Are Business Cards Dead?

Is a business card a necessity or an antique? Before you commit to print take a look at the pros and cons.
Getting Small Businesses Unstuck, Shafran Moltz Group
May 27, 2011

After shaking hands, one of the rituals of meeting in business is to exchange business cards. It's almost a reflex reaction. Over the years, business cards have changed in shape, size, colors and textures. At times, they have been miniature CDs, slabs of metal, and micro booklets. Sometimes, these variations are interesting and relevant, but many times, they are just silly in their attempt to stand out from the crowd and make a meaningful first impression.

In the world of electronic communication are business cards now dead?  Have the email signature lines and the Web links inside them replaced a card?  Will they go the way of paper stationary, writing letters and pay phone booths? Most people say that a business card is still necessary even just because it is a tough habit to break when meeting new people.

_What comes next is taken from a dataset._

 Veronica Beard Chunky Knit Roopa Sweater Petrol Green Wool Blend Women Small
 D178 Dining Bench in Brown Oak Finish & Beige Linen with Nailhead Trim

Complicating the business card debate is that many business people are now “independent contractors” that have to print their own cards instead of having them magically appear on their desks at their new office. Many people even have printed multiple cards to fit the many businesses or roles they may be pursuing at a particular point in time.

So what information should be still be on a business card or in an email signature line?

Still important:

  • Name
  • Company Name
  • E-mail Address
  • Website address
  • Office phone and cell phone: Who is at “the office” anymore?
  • Mailing Address: Have a real street address, even if it is the home office. P.O. boxes are still creepy.
  • Slogans: Separates what the company does from the rest of the market. Think of it as the “unique selling proposition”.

Newly important:

  • Social media handles for Facebook, Twitter, and LinkedIn: This makes it easier for customers and prospects to connect with you.
  • QR codes: a great way to tell a bigger story right at the mobile device.

Not important:

  • Fax: Almost as dead as paper stationary.
  • Titles: Be careful of being “the one man band” and having the title of CEO. It looks pompous.
  • Pagers: Unless you are a doctor or a bicycle messenger, leave it off.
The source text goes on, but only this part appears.